It completely shifts the bottleneck from the hardware (bus speed) to the algorithm (routing predictability).

---

## 🔬 Phase 3: Extreme Context Profiling & The Prompt Cache Discovery (April 5, 2026)

### 10. Building the Profiling Framework

With Gemma 4-26B stable and generating, we needed to answer the real deployment question: *How does this model behave at extreme context lengths across different memory configurations?* We built `scripts/profiling/profile_runner.py` — an automated profiling framework that:
- Iterates through 4 configurations: Dense/Vanilla, SSD Stream, TurboQuant, SSD+TurboQuant
- Tests across 3 context depths: 512, 40K, and 100K tokens
- Captures both **Active RAM** (OS physical footprint via `mach_task_basic_info`) and **GPU Memory Allocated** (Apple GPU driver allocation via `ioreg AGXAccelerator`)

### 11. The `ioreg` Breakthrough

The initial profiling used only `phys_footprint` — the OS physical memory metric. But at 100K context, both Dense/Vanilla (49.3 GB) and TurboQuant (49.3 GB) showed identical numbers. This made no sense — TurboQuant was clearly compressing the KV cache.

The problem: `phys_footprint` is **capped by available physical RAM**. On a 64 GB machine, it tops out at ~49 GB regardless of actual demand. We needed to see the *total GPU allocation* including memory swapped to SSD.

Following the same pattern used by the Aegis-AI `HardwareDetector`, we queried Apple's `AGXAccelerator` GPU driver via `ioreg` for the `"Alloc system memory"` counter. This metric **CAN exceed physical RAM** — revealing the true memory demand:

| Configuration | Active RAM (capped) | GPU Alloc (true demand) |
|---|---|---|
| Dense/Vanilla @ 40K | 49.4 GB | **52.6 GB** |
| TurboQuant @ 40K | 32.4 GB | **35.0 GB** |

The 52.6 GB vs 35.0 GB difference was invisible in the OS metric but clearly visible via `ioreg`.
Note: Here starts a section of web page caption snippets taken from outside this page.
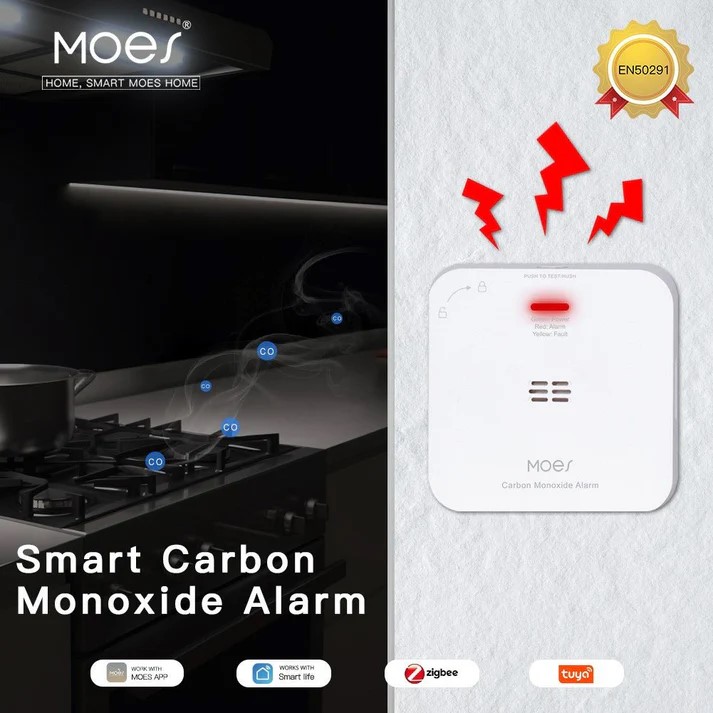 MOES 一酸化炭素検知センサー ZigBee COアラーム 一酸化炭素検知 高音85dB&赤LED 警告 単3電池5年駆動 スマホ通知対応 スマートホーム - 画像 (6)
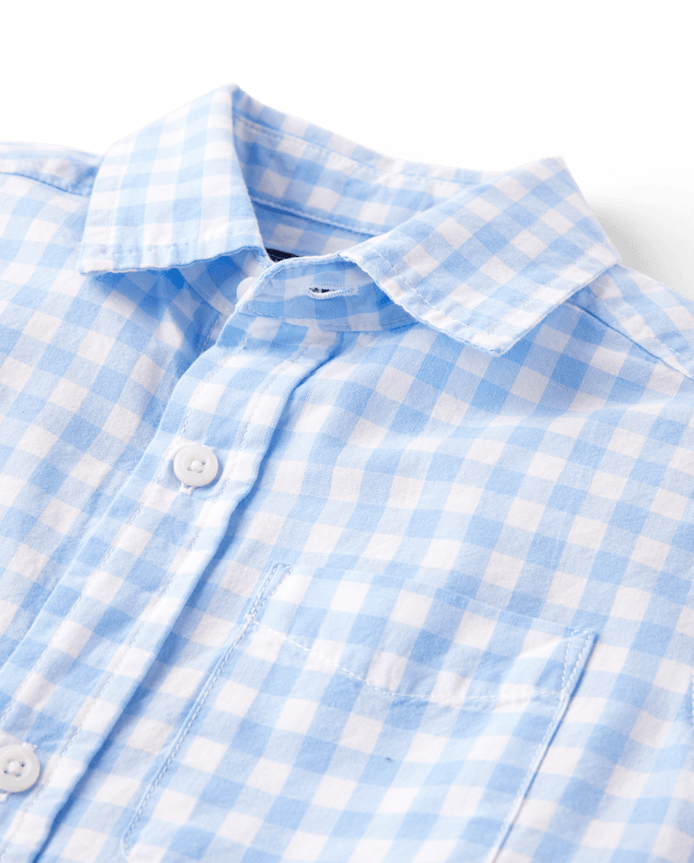 Boys Dad And Me Gingham Poplin Button Up Shirt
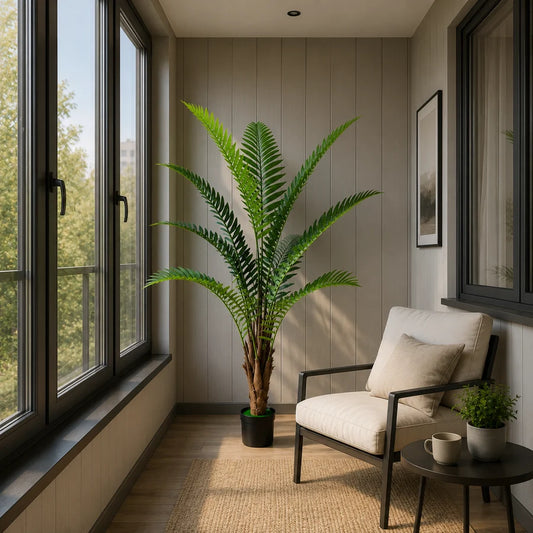Planta Artificială Copac Tip Palmier Regal, 180 cm, 10 frunze, Verde, cu Ghiveci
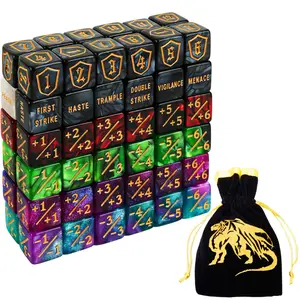 Color MTG Counter Dice Set Keyword Shield Life Counters with Dice Storage Bag, High-Quality MTG Gaming Accessories, Perfect for Collectors & Enthusiasts, Durable Design, Ideal Gift Choice, Polyhedral Dice Set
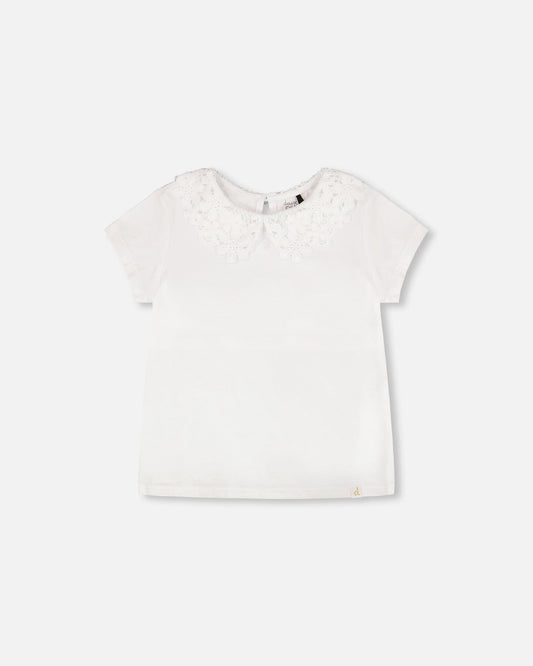 T-Shirt With Crochet Peter Pan Collar White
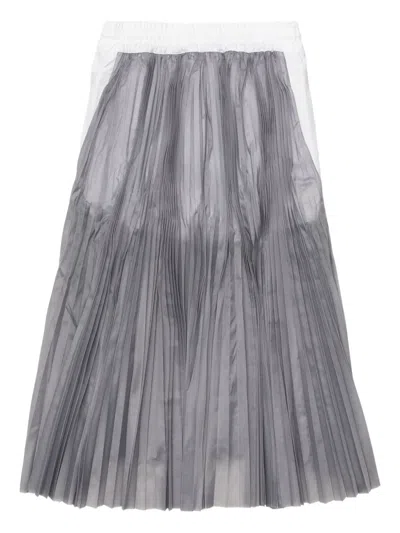 Nike X Sacai Pleated Midi Skirt In Gray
### 12. 🐛 The Prompt Cache Bug

At 100K context, even with the `ioreg` metric, TurboQuant (52.5 GB) and Dense/Vanilla (52.1 GB) were nearly identical. Tracing through the code revealed the root cause:

1. During prefill, the full 100K fp16 KV cache is built (~37 GB)
2. After the first generation token, TurboQuant compresses it to ~3 GB of polar buffers ✅
3. But then `onPrefillDone` fires → the prompt cache calls `cache.state`
4. The `state` getter **decodes ALL compressed polar buffers back to full fp16** to create a restorable snapshot
5. The `eval()` call materializes this decoded copy — a fresh **~37 GB allocation**
6. Net result: compression savings completely negated

The key insight: for Dense/Vanilla, `cache.state` returns **views** (zero-copy references) of existing buffers. For TurboQuant, it creates **new arrays** via `turboDecodeK/V` — an O(N) memory allocation the size of the entire context.

### 13. 🔧 The Fix

One targeted change: skip prompt cache save when TurboQuant has actively compressed data.

**Results at 100K context (SSD + TurboQuant):**

| Metric | Before Fix | After Fix |
|---|---|---|
| GPU Memory Allocated | 52.2 GB | **33.3 GB** (-36%) |
| Active RAM | 49.1 GB | **29.6 GB** (-40%) |

**29.6 GB Active RAM for a 26B model at 100K tokens.** This fits in a 32 GB Mac Studio — previously required 64 GB.

### 📋 Files Changed
- `Sources/SwiftLM/MemoryUtils.swift` — Added GPU active memory and total demand metrics
- `Sources/SwiftLM/Server.swift` — OS_RAM + MEM_DEMAND + GPU_MEM logging at prefill and post-generation; prompt cache TurboQuant guard
- `scripts/profiling/profile_runner.py` — Full profiling framework with `ioreg` GPU allocation tracking

### 🎯 Key Lesson: Measure What Matters
The OS `phys_footprint` metric is what Activity Monitor shows — but it lies by omission. It's capped by physical RAM and doesn't reveal how much memory the GPU driver has actually allocated (including SSD-swapped pages). For memory-constrained deployment, the `ioreg AGXAccelerator "Alloc system memory"` counter is the ground truth.